Ces dispositions de l'article 15 ne visent donc qu'à annuler a posteriori par une loi les actions qui n'ont pu être entreprises que parce que leur interdiction par la loi avait précisément été reconnue par le Conseil constitutionnel comme non conforme à la Constitution.
On pourrait certes faire observer que ces dispositions ne sont autres que celles qui figurent à l'article 14 de la loi n° 81-736 du 4 août 1981 portant amnistie.

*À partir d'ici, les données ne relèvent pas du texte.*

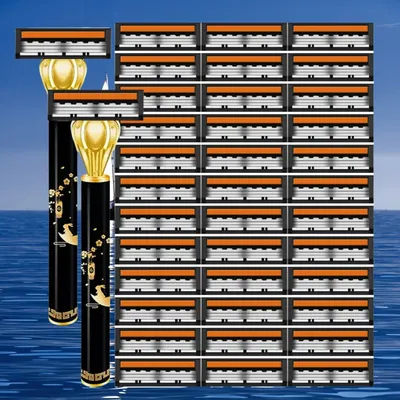 3-layer Manual Razor Men Classic Shaver Replacement Blade Shave Shaving Safety Razor Facial Care Shaving Blades
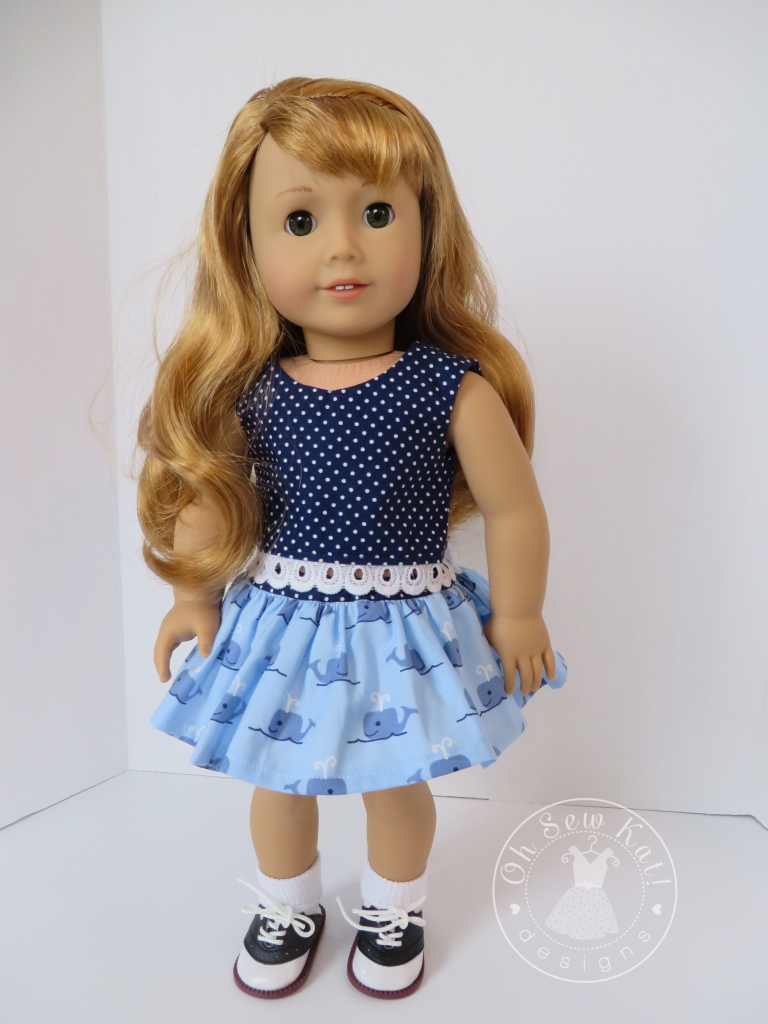 Find a free skirt sewing pattern for your 18 inch doll at ohsewkat.com. Other popular doll sewing patterns also available. #dollclothes #freepattern #ohsewkat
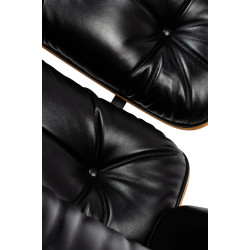 T066.SOFT.OTTO.BL Fotel LOUNGE HM SOFT PREMIUM SZEROKI z podnóżkiem czarny  - sklejka orzech, skóra naturalna King Home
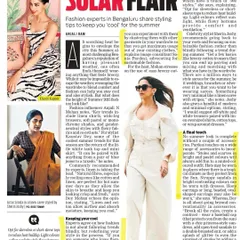 In this New Indian Express article on 'Summer Styling', I shared my perspective on staying cool while looking chic. I emphasized choosing breathable fabrics like linen and cotton and using accessories to add personality.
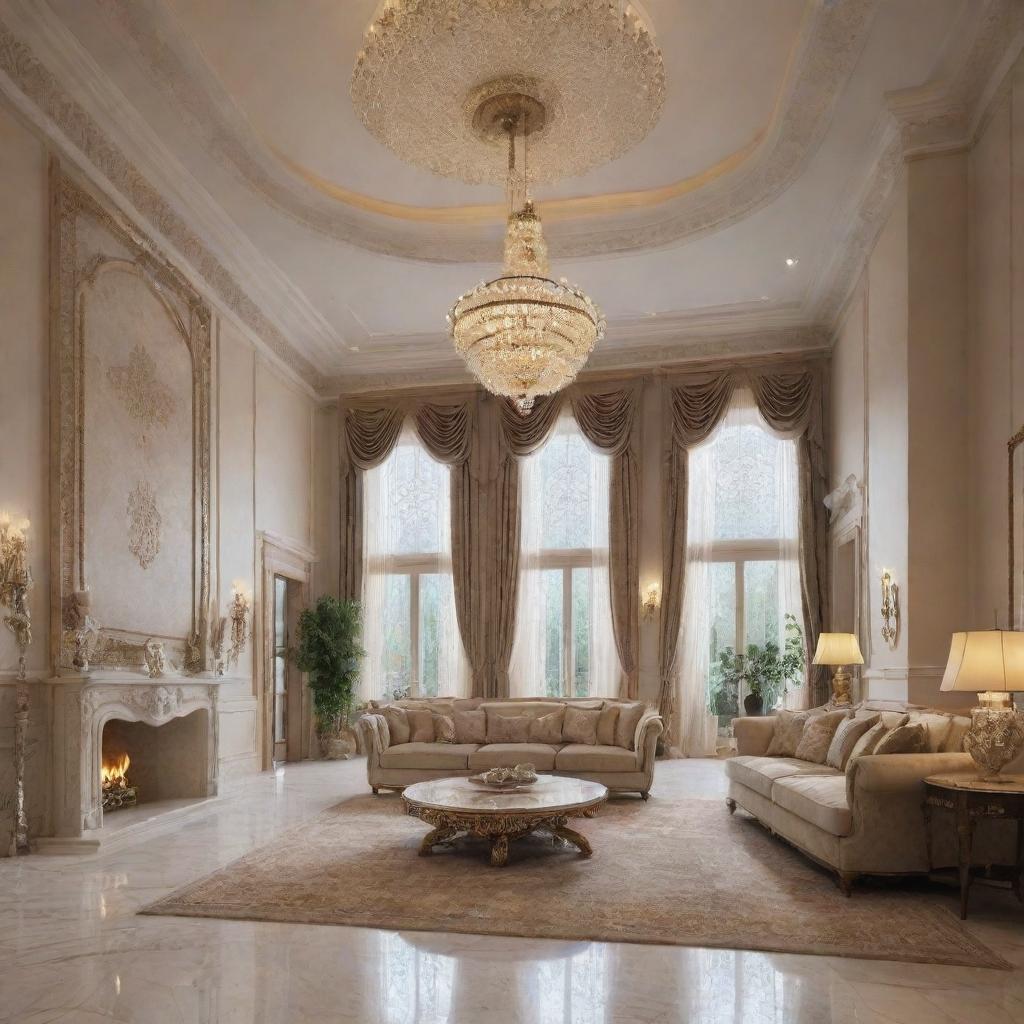 Amend the previous design to be more extravagant. Retain the unique blend of Lebanese and Spanish styles in a neoclassic approach, with an 8-meter high ceiling and 3-meter vaulted glass, but augment opulence.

Il y aurait alors lieu d'objecter d'une part que ladite loi n'a jamais été déférée au Conseil constitutionnel : ce qui n'a pas fourni à ce dernier l'occasion de statuer sur la constitutionnalité dudit article 14 : et d'autre part que la décision n° 82-144 DC susmentionnée du Conseil constitutionnel n'est intervenue que le 22 octobre 1982, donc postérieurement à ladite loi d'amnistie.
Tout se passe donc comme si la majorité de l'Assemblée nationale avait, sans que le Gouvernement réussisse finalement à s'y opposer, décidé non seulement d'ignorer délibérément la décision de non-conformité prise par le Conseil constitutionnel le 22 octobre 1982, mais encore de tenter de la contourner et d'en supprimer les effets en annulant aujourd'hui par une loi de circonstance ce que le Conseil constitutionnel avait antérieurement reconnu comme non conforme à la Constitution d'interdire par la loi.
C'est pour toutes ces raisons que l'article 15 doit être déclaré non conforme à la Constitution mais reconnu non inséparable des autres dispositions de la loi.